When you reach the line with "Hello Kitty HKAWMSDGPTE" in the records below, begin transcribing exactly and continue up to and including the line with "Pijama Hombre Corto", leaving out every picture.
****************************************
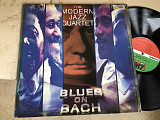 The Modern Jazz Quartet – Blues On Bach ( USA ) JAZZ LP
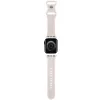 Hello Kitty HKAWMSDGPTE Apple Watch Armband 38/40/41mm Beige Silikon Graffiti Tags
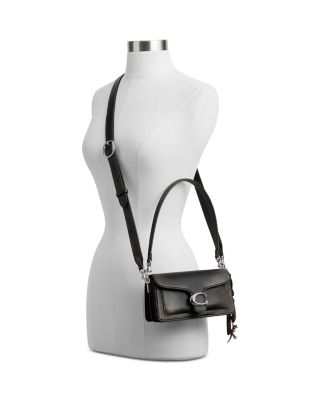 Tabby Loved Leather Shoulder Bag 20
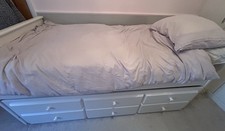 Oxford white wooden for sale  MACCLESFIELD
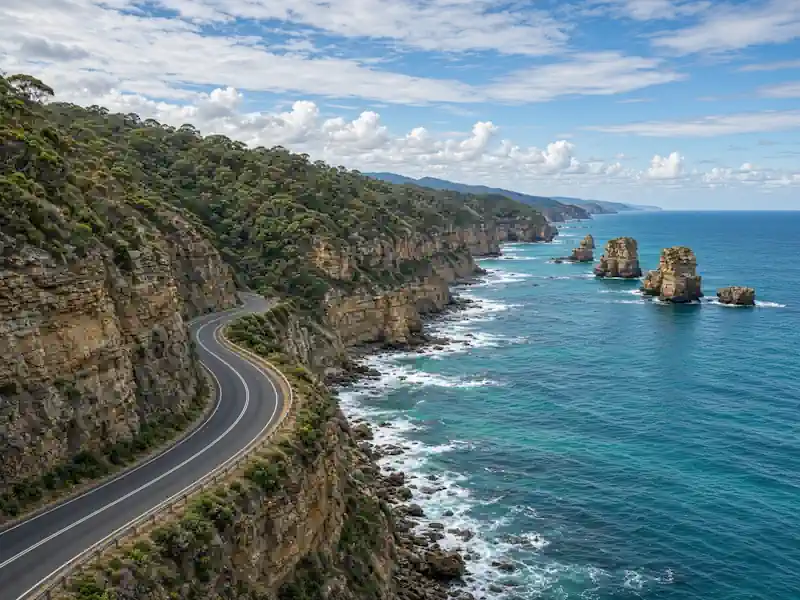 維多利亞州海岸公路風景,墨爾本小包團大洋路行程
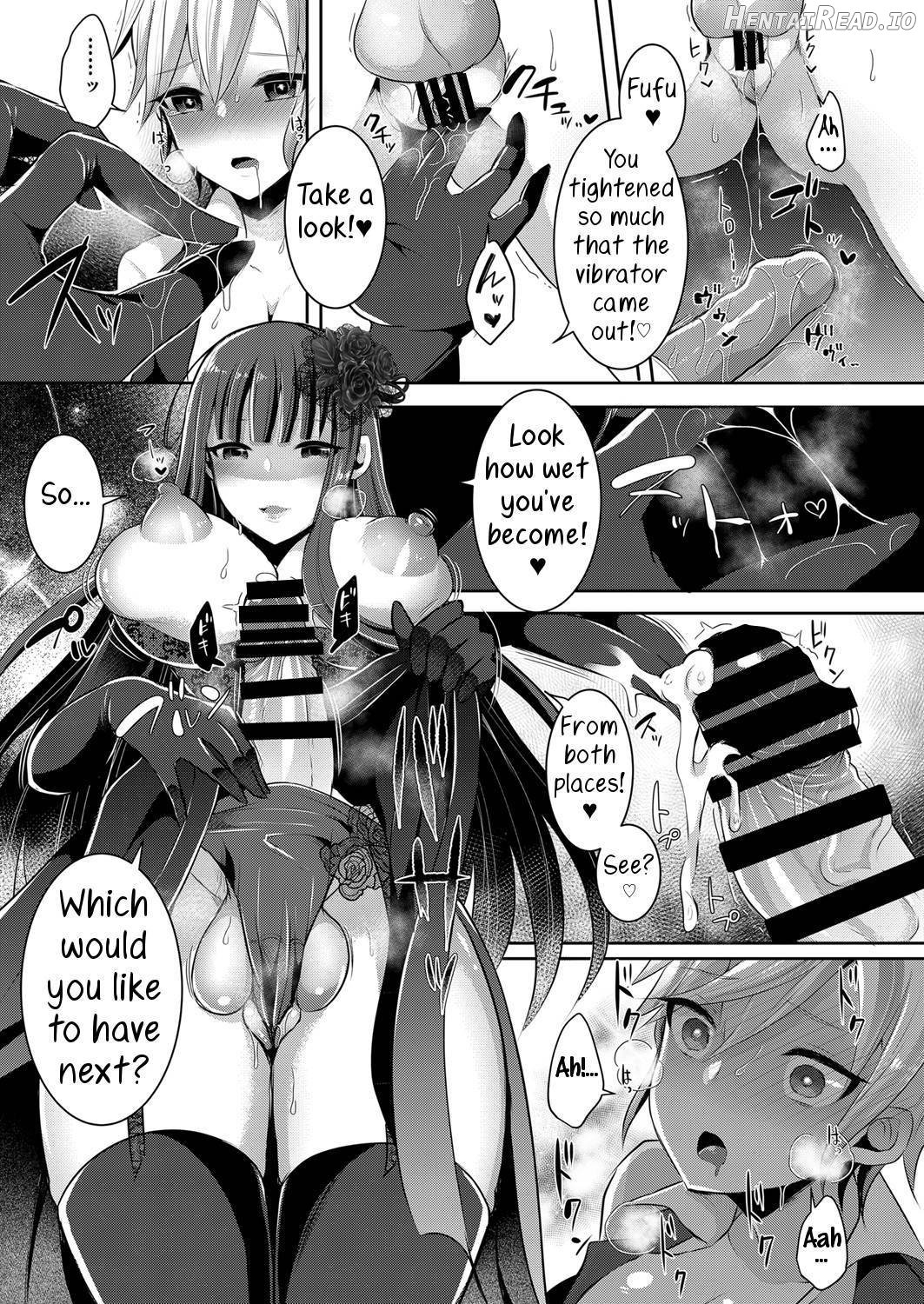 Boku ga Hitomebore Shita Gothic Onee-san wa Futanari datta Ken 3 Chapter 1 - page 12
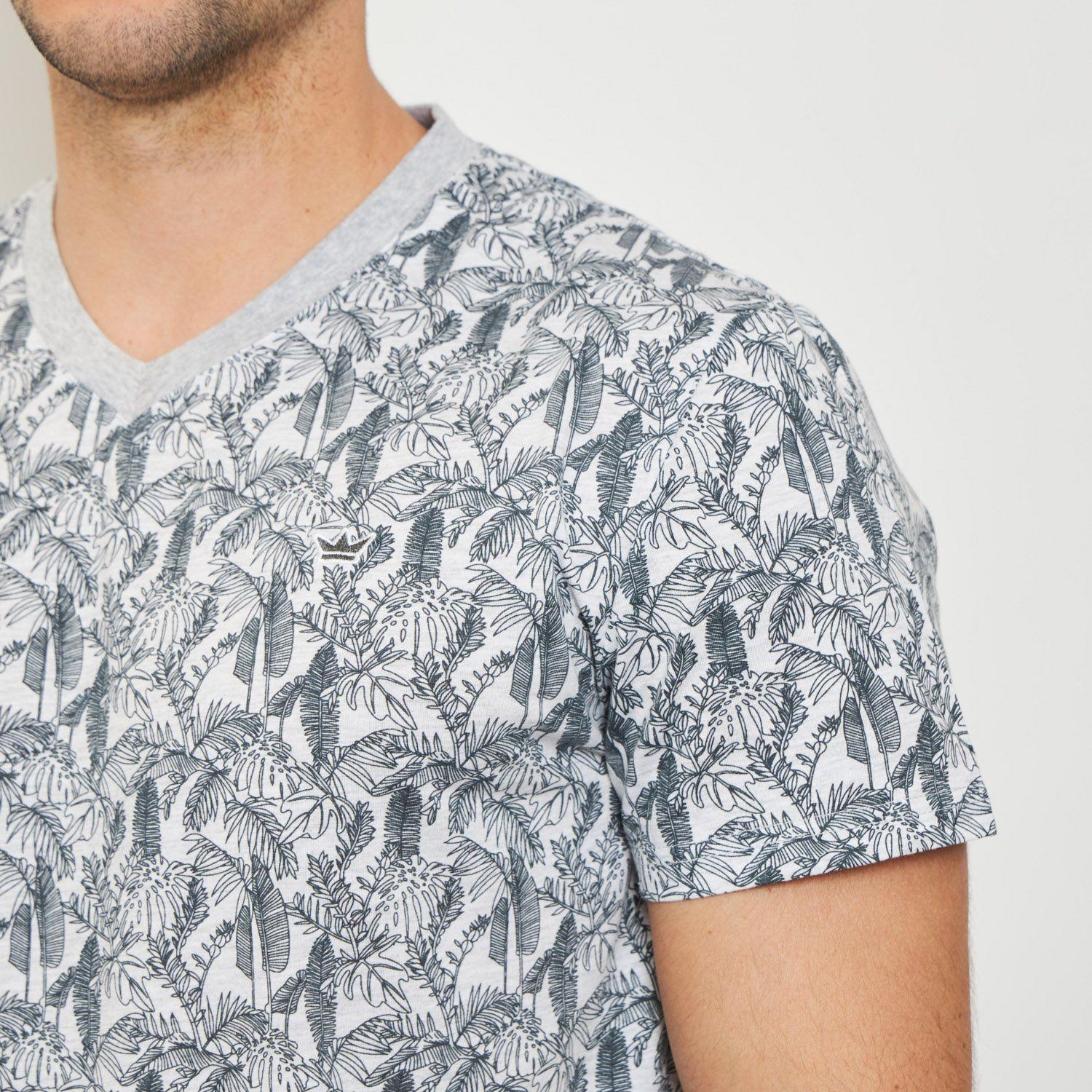 Pijama Hombre Corto Algodón Palmers 8142BGRI-1
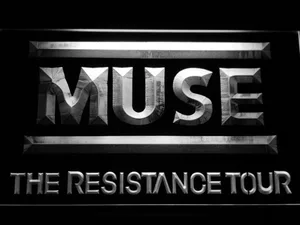 Muse The Resistance Tour LED Neon Sign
****************************************
Task answer
 Hello Kitty HKAWMSDGPTE Apple Watch Armband 38/40/41mm Beige Silikon Graffiti Tags
 Tabby Loved Leather Shoulder Bag 20
 Oxford white wooden for sale  MACCLESFIELD
 維多利亞州海岸公路風景,墨爾本小包團大洋路行程
 Boku ga Hitomebore Shita Gothic Onee-san wa Futanari datta Ken 3 Chapter 1 - page 12
 Pijama Hombre Corto Algodón Palmers 8142BGRI-1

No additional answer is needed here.